La question qui se pose est la réalité de la faisabilité de cette alliance. Est-ce seulement une hypothèse d'école ?
Vous prétendez vouloir renforcer la DCN en ouvrant son capital jusqu'à 49 %, alors que le plan de charge est assuré à 80 % par l'Etat et se trouve donc hors champ de la concurrence. Quel intérêt industriel y a-t-il à vouloir privatiser une telle structure ? La soumission à des critères de rentabilité que les actionnaires n'oublieront pas de rappeler est-elle compatible avec l'intérêt d'une entreprise essentielle sur le plan stratégique ?
L'intérêt stratégique est un intérêt à caractère général ; il est supérieur à tout intérêt privé. Il ne peut donc être soumis à un quelconque intérêt privé ; c'est un principe essentiel à la sauvegarde de notre indépendance nationale, et il est difficilement concevable d'y déroger.
Un syndicaliste disait que votre projet répondait à la logique du gouvernement Raffarin de « jeter en pâture les entreprises publiques aux appétits boulimiques de la finance. »
Je pense, pour ma part, que la question des services publics et des entreprises publiques n'est pas seulement d'ordre économique. Ils représentent une conception de la société ; ils permettent de répondre aux droits que la Constitution reconnaît aux citoyens de notre pays. Toutes les activités humaines ne peuvent être soumises à la loi du marché.
Ces entités publiques représentent aujourd'hui, non seulement sur le plan national, mais aussi sur le plan européen, un obstacle à la mondialisation libérale.

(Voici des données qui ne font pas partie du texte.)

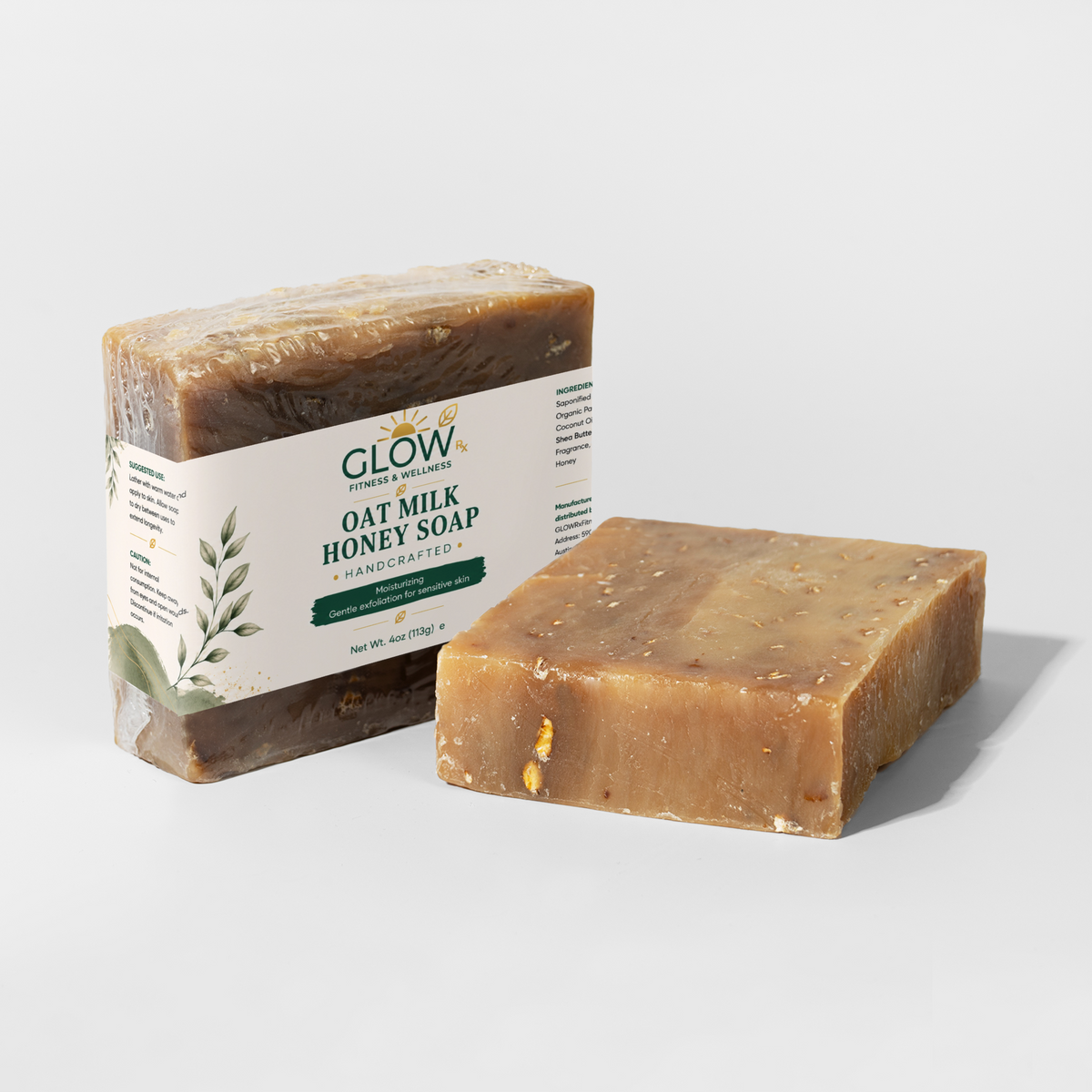 Oat Milk Honey Soap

Défendre le statut des salariés de DCN, ce n'est pas un combat corporatiste ; c'est avant tout défendre une autre conception de la société, délivrée des seuls appétits financiers. Votre politique a pour but de mettre à bas tout ce qui concerne l'intérêt général, le bien commun, la protection sociale, la notion de droit pour chacune et chacun, tout ce qui concerne le lien social, la solidarité.
Avec DCN, vous franchissez un pas supplémentaire en livrant une partie de notre industrie de défense aux intérêts du privé.

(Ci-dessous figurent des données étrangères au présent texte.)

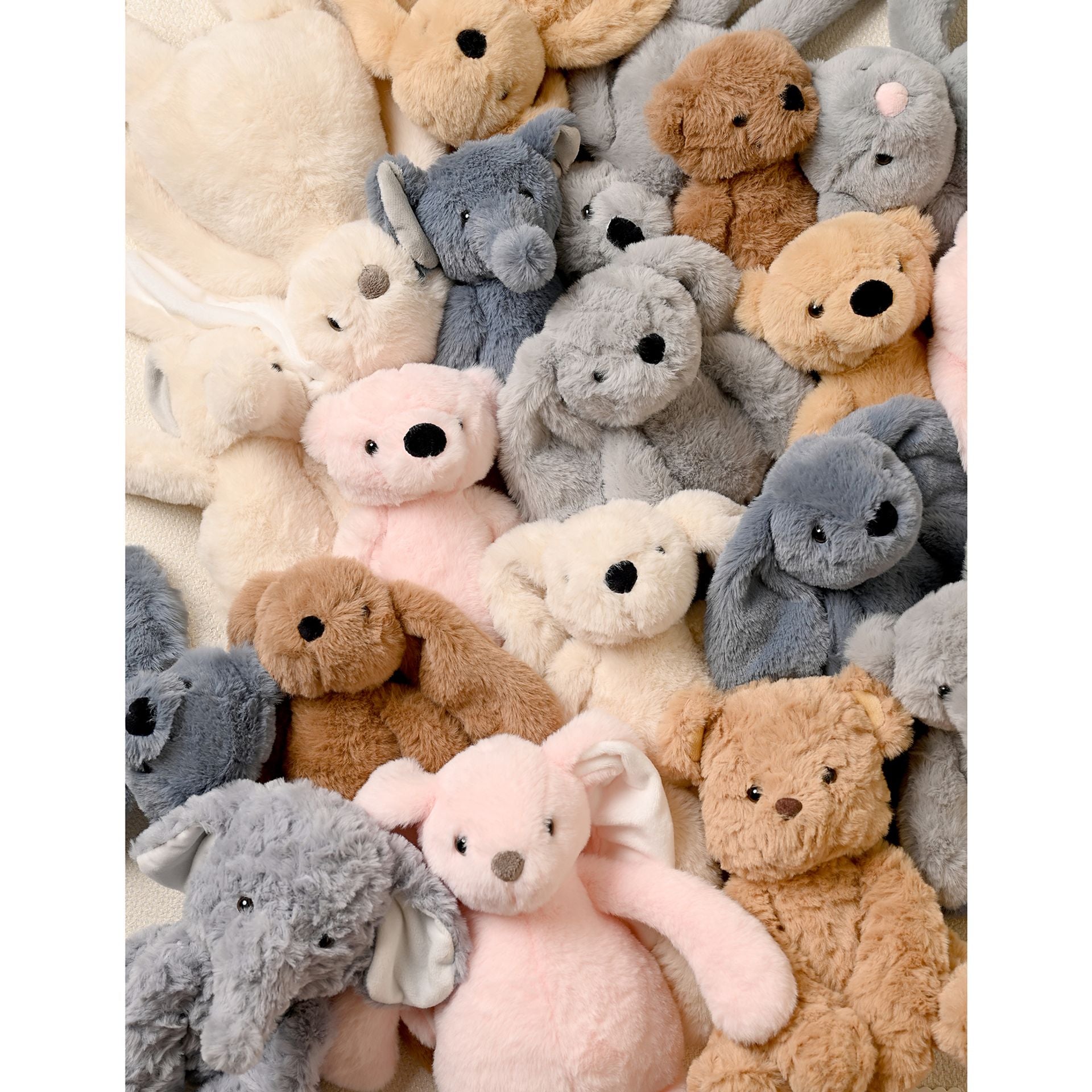 Hudson The Plush Long Leg Light Brown Teddy Bear 30 cm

L'exemple du statut du personnel des arsenaux, vous ne l'acceptez pas, pas plus que celui des agents d'EDF. Vous considérez que les statuts sont des privilèges et vous voulez ainsi tirer vers le bas les conditions de travail de ces salariés.
Pour mener à bien leur tâche, les salariés, qu'ils soient du secteur public ou privé, ont besoin de plus de dignité fondée sur la citoyenneté dans l'entreprise, corollaire de la citoyenneté dans la société. La recherche permanente de la baisse des coûts salariaux, que vous traduisez par la remise en cause des statuts des personnels des services publics, ne peut y contribuer.

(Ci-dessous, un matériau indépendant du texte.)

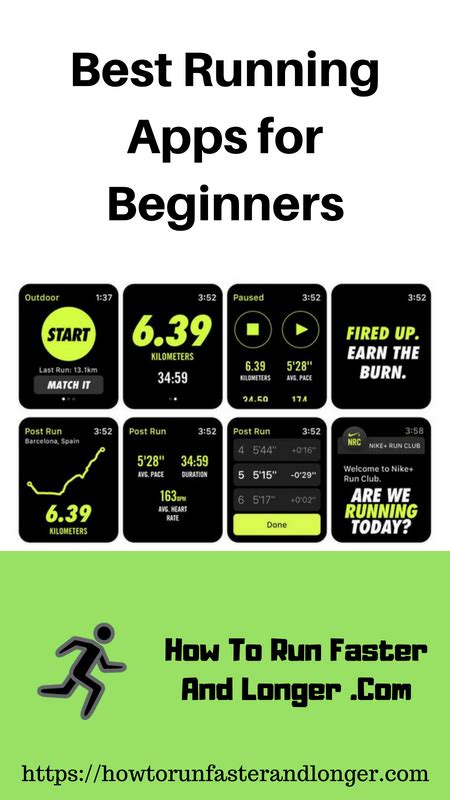 They should begin by running for time, not. Best Running Apps for Beginners | Running app for ...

Vous considérez que vous maintenez les statuts, mais les ouvriers d'Etat mis à disposition, pour l'essentiel, sont arrivés ou arriveront très prochainement au terme de leur carrière. Vous ne dites rien sur ceux qui sont embauchés sous statut de droit privé.
Les salariés savent ce que signifient les restructurations. Elles ont toutes le même objectif : réduire la voilure et détruire les statuts, le plus souvent de façon pernicieuse, en les laissant disparaître progressivement, en précarisant les nouvelles embauches.
La filialisation que vous proposez ressemble à toutes les filialisations qui ont été développées dans les autres entreprises que vous avez mises à mal ; elles ne se solderont que par des privatisations supplémentaires.
Madame la ministre, vous portez une lourde responsabilité en laissant filer vers le privé ce fleuron de la défense française. L'entreprise avait repris son envol et vous lui coupez les ailes ! Vous créez les conditions de son démantèlement.
Nous pensons qu'il faut, au contraire, profiter de cette bonne santé recouvrée pour renforcer la position de DCN, en l'intégrant dans un pôle public de l'armement, garant d'une politique de défense indépendante. Rien n'interdirait en effet de nouveaux partenariats avec d'autres entreprises nationales, en dehors de tout critère essentiellement financier, mais fondés sur la coopération au niveau européen.